[Data under study]
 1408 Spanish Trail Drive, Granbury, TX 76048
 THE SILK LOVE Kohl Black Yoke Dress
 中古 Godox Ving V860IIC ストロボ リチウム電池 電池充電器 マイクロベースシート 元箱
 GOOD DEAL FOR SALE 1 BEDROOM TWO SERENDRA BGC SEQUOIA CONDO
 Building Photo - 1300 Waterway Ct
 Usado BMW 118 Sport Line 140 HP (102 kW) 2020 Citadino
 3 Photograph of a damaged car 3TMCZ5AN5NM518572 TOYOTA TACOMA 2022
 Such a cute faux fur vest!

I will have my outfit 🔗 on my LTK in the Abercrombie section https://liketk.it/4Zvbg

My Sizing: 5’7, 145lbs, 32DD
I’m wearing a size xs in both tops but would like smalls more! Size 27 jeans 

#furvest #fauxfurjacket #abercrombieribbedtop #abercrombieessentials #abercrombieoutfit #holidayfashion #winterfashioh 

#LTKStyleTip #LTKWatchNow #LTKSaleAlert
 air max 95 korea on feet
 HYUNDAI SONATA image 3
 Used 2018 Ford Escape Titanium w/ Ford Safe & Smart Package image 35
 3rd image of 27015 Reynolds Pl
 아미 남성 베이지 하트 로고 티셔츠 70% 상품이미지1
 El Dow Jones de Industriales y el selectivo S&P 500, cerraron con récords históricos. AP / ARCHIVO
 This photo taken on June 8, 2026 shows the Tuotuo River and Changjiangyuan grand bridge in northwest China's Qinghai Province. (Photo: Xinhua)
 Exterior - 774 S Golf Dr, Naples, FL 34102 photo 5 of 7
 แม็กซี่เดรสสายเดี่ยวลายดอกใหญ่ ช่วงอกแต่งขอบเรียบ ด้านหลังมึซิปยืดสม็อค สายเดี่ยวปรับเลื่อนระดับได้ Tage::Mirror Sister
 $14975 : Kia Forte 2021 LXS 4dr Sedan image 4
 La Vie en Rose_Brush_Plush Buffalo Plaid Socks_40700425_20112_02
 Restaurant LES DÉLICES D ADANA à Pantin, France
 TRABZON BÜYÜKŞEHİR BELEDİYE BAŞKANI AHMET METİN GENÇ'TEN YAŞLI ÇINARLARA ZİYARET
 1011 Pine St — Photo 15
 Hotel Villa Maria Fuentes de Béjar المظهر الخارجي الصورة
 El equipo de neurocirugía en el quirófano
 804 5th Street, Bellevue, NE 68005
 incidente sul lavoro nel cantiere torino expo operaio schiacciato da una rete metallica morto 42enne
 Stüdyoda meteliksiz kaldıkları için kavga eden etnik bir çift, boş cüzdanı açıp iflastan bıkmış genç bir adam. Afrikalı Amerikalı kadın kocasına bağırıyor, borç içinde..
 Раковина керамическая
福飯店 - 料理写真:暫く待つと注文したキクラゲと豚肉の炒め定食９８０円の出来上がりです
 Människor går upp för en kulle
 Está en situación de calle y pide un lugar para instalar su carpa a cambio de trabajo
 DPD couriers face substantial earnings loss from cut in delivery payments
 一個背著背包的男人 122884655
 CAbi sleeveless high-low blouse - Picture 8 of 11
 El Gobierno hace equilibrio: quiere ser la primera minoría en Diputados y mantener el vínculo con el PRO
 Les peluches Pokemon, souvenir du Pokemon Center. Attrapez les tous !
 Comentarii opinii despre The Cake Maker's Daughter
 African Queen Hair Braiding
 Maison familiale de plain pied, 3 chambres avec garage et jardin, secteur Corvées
[/Data under study]
* [Work item] Set down each line exactly as it appears in the data.

* [Finished task]
 1408 Spanish Trail Drive, Granbury, TX 76048
 THE SILK LOVE Kohl Black Yoke Dress
 中古 Godox Ving V860IIC ストロボ リチウム電池 電池充電器 マイクロベースシート 元箱
 GOOD DEAL FOR SALE 1 BEDROOM TWO SERENDRA BGC SEQUOIA CONDO
 Building Photo - 1300 Waterway Ct
 Usado BMW 118 Sport Line 140 HP (102 kW) 2020 Citadino
 3 Photograph of a damaged car 3TMCZ5AN5NM518572 TOYOTA TACOMA 2022
 Such a cute faux fur vest!

I will have my outfit 🔗 on my LTK in the Abercrombie section https://liketk.it/4Zvbg

My Sizing: 5’7, 145lbs, 32DD
I’m wearing a size xs in both tops but would like smalls more! Size 27 jeans 

#furvest #fauxfurjacket #abercrombieribbedtop #abercrombieessentials #abercrombieoutfit #holidayfashion #winterfashioh 

#LTKStyleTip #LTKWatchNow #LTKSaleAlert
 air max 95 korea on feet
 HYUNDAI SONATA image 3
 Used 2018 Ford Escape Titanium w/ Ford Safe & Smart Package image 35
 3rd image of 27015 Reynolds Pl
 아미 남성 베이지 하트 로고 티셔츠 70% 상품이미지1
 El Dow Jones de Industriales y el selectivo S&P 500, cerraron con récords históricos. AP / ARCHIVO
 This photo taken on June 8, 2026 shows the Tuotuo River and Changjiangyuan grand bridge in northwest China's Qinghai Province. (Photo: Xinhua)
 Exterior - 774 S Golf Dr, Naples, FL 34102 photo 5 of 7
 แม็กซี่เดรสสายเดี่ยวลายดอกใหญ่ ช่วงอกแต่งขอบเรียบ ด้านหลังมึซิปยืดสม็อค สายเดี่ยวปรับเลื่อนระดับได้ Tage::Mirror Sister
 $14975 : Kia Forte 2021 LXS 4dr Sedan image 4
 La Vie en Rose_Brush_Plush Buffalo Plaid Socks_40700425_20112_02
 Restaurant LES DÉLICES D ADANA à Pantin, France
 TRABZON BÜYÜKŞEHİR BELEDİYE BAŞKANI AHMET METİN GENÇ'TEN YAŞLI ÇINARLARA ZİYARET
 1011 Pine St — Photo 15
 Hotel Villa Maria Fuentes de Béjar المظهر الخارجي الصورة
 El equipo de neurocirugía en el quirófano
 804 5th Street, Bellevue, NE 68005
 incidente sul lavoro nel cantiere torino expo operaio schiacciato da una rete metallica morto 42enne
 Stüdyoda meteliksiz kaldıkları için kavga eden etnik bir çift, boş cüzdanı açıp iflastan bıkmış genç bir adam. Afrikalı Amerikalı kadın kocasına bağırıyor, borç içinde..
 Раковина керамическая
福飯店 - 料理写真:暫く待つと注文したキクラゲと豚肉の炒め定食９８０円の出来上がりです
 Människor går upp för en kulle
 Está en situación de calle y pide un lugar para instalar su carpa a cambio de trabajo
 DPD couriers face substantial earnings loss from cut in delivery payments
 一個背著背包的男人 122884655
 CAbi sleeveless high-low blouse - Picture 8 of 11
 El Gobierno hace equilibrio: quiere ser la primera minoría en Diputados y mantener el vínculo con el PRO
 Les peluches Pokemon, souvenir du Pokemon Center. Attrapez les tous !
 Comentarii opinii despre The Cake Maker's Daughter
 African Queen Hair Braiding
 Maison familiale de plain pied, 3 chambres avec garage et jardin, secteur Corvées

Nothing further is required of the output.